# PROBLEM TO WORK ON
Transcribe these records exactly, dropping every picture.

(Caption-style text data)
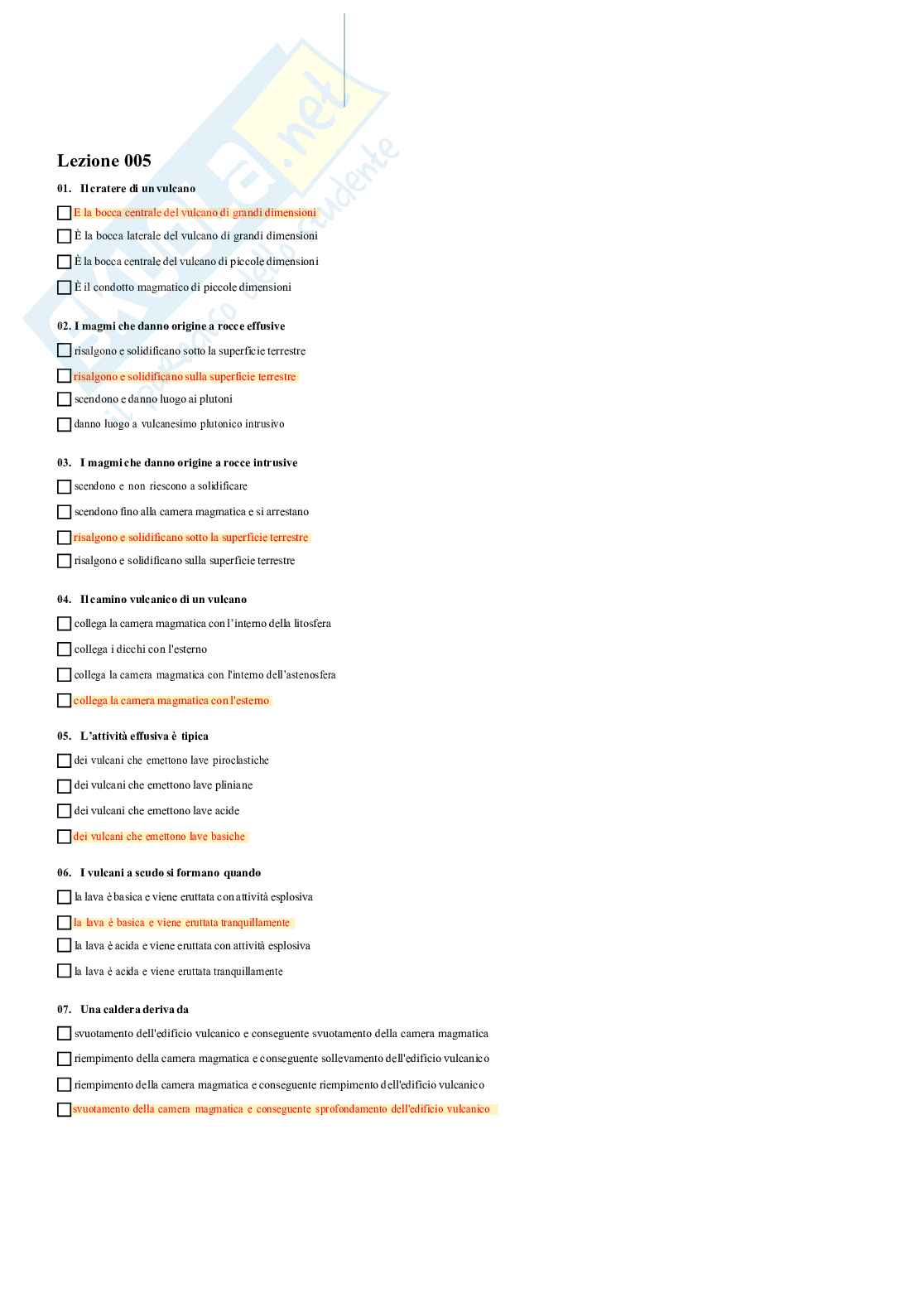 Paniere Geologia applicata  Pag. 11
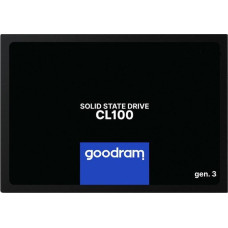 Goodram Dysk SSD GoodRam CL100 G3 240GB 2.5'' SATA III (SSDPR-CL100-240-G3)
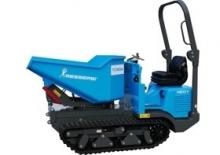 Lánctalpas dömperek Messersi TC150-d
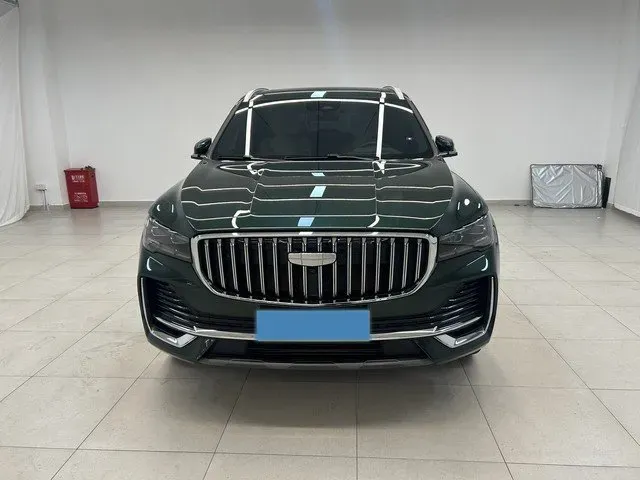 2025 Geely Monjaro 2.0T 238HP L4 8AT,autocango,china used car exporter,china ev exporter,chinese used car exporter,chinese used ev exporter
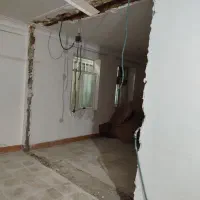 سیمان کاری و بنایی جزئی و تخریب به صورت پاره وقت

# REPLY
 Paniere Geologia applicata  Pag. 11
 Goodram Dysk SSD GoodRam CL100 G3 240GB 2.5'' SATA III (SSDPR-CL100-240-G3)
 Lánctalpas dömperek Messersi TC150-d
 2025 Geely Monjaro 2.0T 238HP L4 8AT,autocango,china used car exporter,china ev exporter,chinese used car exporter,chinese used ev exporter
 سیمان کاری و بنایی جزئی و تخریب به صورت پاره وقت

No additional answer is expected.